TCE suspende estacionamento rotativo em Palmas

A decisão é do conselheiro Alberto Sevilha, que determinou multa de até R$ 1 milhão para empresa e R$ 100 mil para prefeitura em caso de descumprimento

Foto: Divulgação

O Tribunal de Contas do Estado suspendeu a volta do estacionamento rotativo em Palmas. A decisão é do conselheiro Alberto Sevilha, que determinou multa de até R$ 1 milhão para empresa e R$ 100 mil para prefeitura em caso de descumprimento.
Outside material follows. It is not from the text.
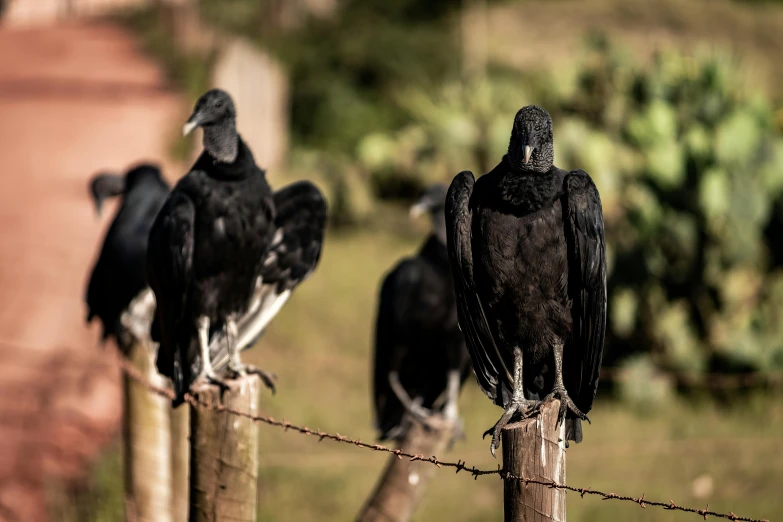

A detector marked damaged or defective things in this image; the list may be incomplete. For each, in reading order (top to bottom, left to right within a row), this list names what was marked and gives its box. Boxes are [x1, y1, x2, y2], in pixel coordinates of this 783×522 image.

A determinação foi expedida após um pedido conjunto do Ministério Público de Contas e do Ministério Público Estadual.

Os procuradores afirmaram que haveria risco de prejuízos ao patrimônio público caso a Infosolo – substituta da Blue – que detém os direitos para administrar o estacionamento, voltasse a operar. A empresa havia anunciado que retomaria suas atividades a partir de 13/12, contudo, há indícios de irregularidades no contrato entre a empresa e a prefeitura e os Autos ainda estão sendo analisados pela Justiça. Na decisão do órgão regulador (TCE), o Conselheiro deu prazo de 15 dias para que os envolvidos apresentem defesa que justificasse a volta das cobranças.

Desde que foi iniciado em Palmas, em 2014, o serviço de estacionamento rotativo foi alvo de muita polêmica. Entre as irregularidades apontadas pelo Tribunal de Contas estavam: descumprimento dos prazos de campanhas educativas; ineficiência da operacionalização do sistema integrado e automatizado de registro de presença do veículo na vaga de estacionamento rotativo; inconsistências nos relatórios de prestação de contas; cobrança do estacionamento em áreas não permitidas pela prefeitura e não compatibilidade dos preços com a realidade econômica local.